В предисловии 1859 года к своей работе «К критике политической экономии» Маркс утверждает, что началась «эпоха социальной революции», поскольку определилось объективное противоречие, которое существующая социальная формация не в состоянии разрешить. Это противоречие состоит в том, что производственные отношения, в которые люди вступают независимо от их сознания в материальном производстве их жизни – поскольку совокупность этих отношений составляет экономическую структуру, реальный базис общества, – перестают быть формой развития производительных сил (к ним относится и сам рабочий класс, который, более того, является главной производительной силой), превращаясь в оковы, препятствующие общественному развитию производительных сил. Это определение революционной ситуации, несомненно, признавалось и поздним Энгельсом, но оно под явным воздействием класса, который успешно вмешивается в повседневную политику своими революционными требованиями, нуждается в историческом уточнении и – в еще большей степени – в пространственной локализации.
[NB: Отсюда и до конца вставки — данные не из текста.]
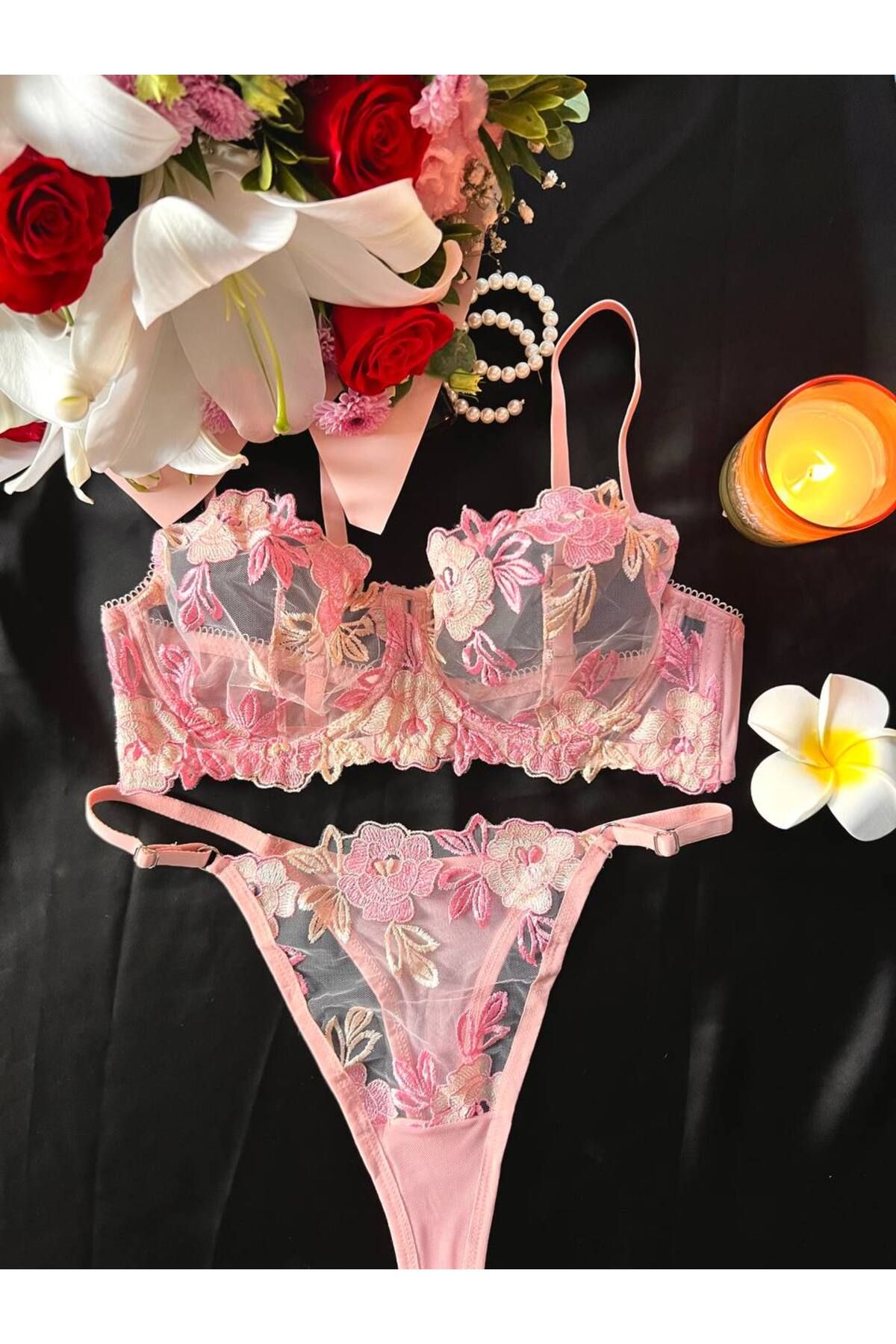 Pembe Dantelli Bralet Takım (Sütyen&Tanga)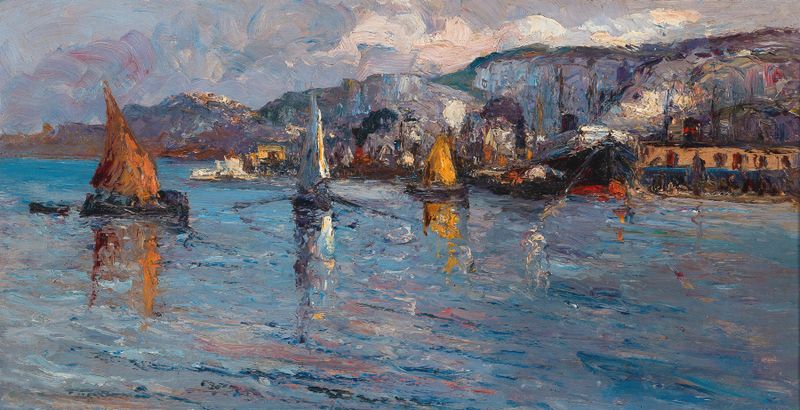 A Southern Coastal Landscape by Leontine von Littrow, oil on canvas depicting serene waves and twilight.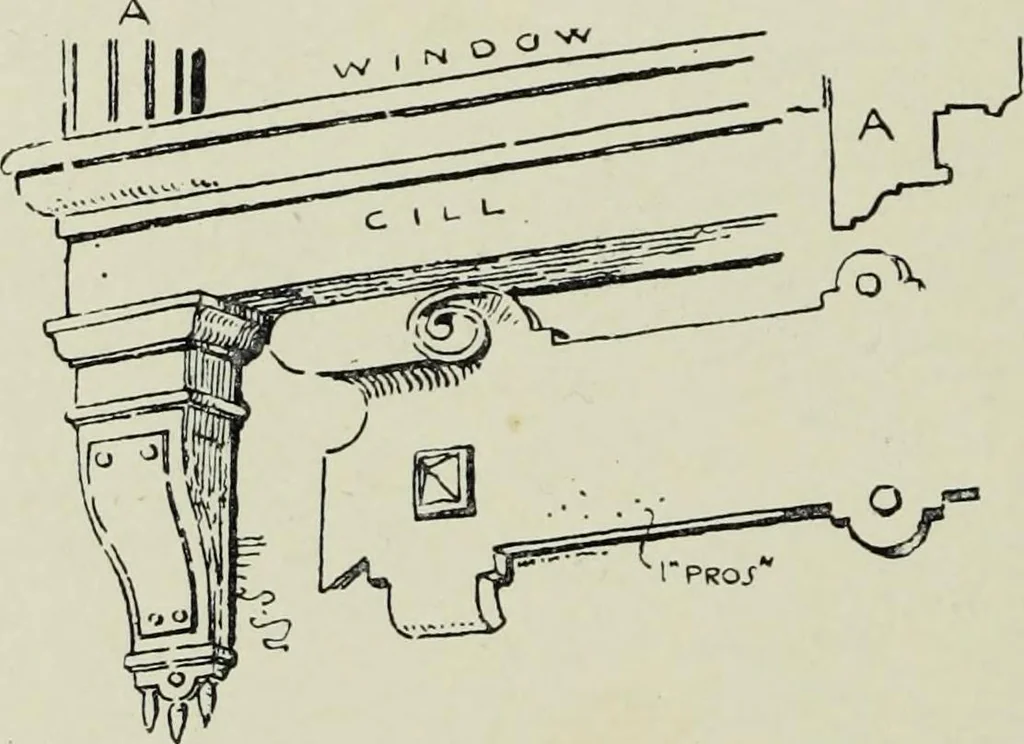An illustration from Early renaissance architecture in England; a historical & descriptive account of the Tudor, Elizabethan & Jacobean periods, 1500-1625, for the use of students and others, 1901, leaf 212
Что касается момента уточнения и локализации революционной ситуации, то в позиции Маркса и Энгельса ясны два момента: во-первых, что судьба пролетарской революции, возможности действия пролетариата зависят как от ступени развития буржуазного класса, так и степени социальной прочности его экономического и политического господства за счет всех остальных социальных слоев и классов, так и от кризисной ситуации в масштабе всего общества. Кровавый финал июньского восстания 1848 года является здесь наглядным примером, поскольку он показал, что, пока французская промышленность не станет господствовать над французской буржуазией, она не сможет поляризовать ее классовые интересы; таким образом, она становится как бы группой рядом с господствующей финансовой буржуазией, фанатическим представителем правящей партии. Другим примером служит Парижская коммуна: вызванный военным поражением кризис системы политического господства Второй империи охватывает столицу, где пролетариат оказывается в состоянии разрушить государственную машину, но не охватывает всей страны, как это случилось, к примеру, в 1789 году. Степень развития буржуазного класса и кризис всей нации являются, таким образом, основными критериями для определения революционной ситуации. Во-вторых, национальные особенности общего процесса развития общества – в том числе и прежде всего опыта борьбы угнетенных классов – являются решающими факторами для определения того, из какой страны поступит революционный импульс: будет ли это «крик галльского петуха», возвещающий «день немецкого воскресения из мертвых», как писал молодой Маркс, или революционное движение, которое снова перемещается в Германию после падения Парижской коммуны или даже в Россию, как дают понять некоторые отрывки из работ, написанных в 70-х годах, – все эти варианты выбора страны, в которой начнется пролетарская революция, всегда основываются на конкретном экономическом и политическом анализе обстановки, всякий раз рассматриваемой вновь.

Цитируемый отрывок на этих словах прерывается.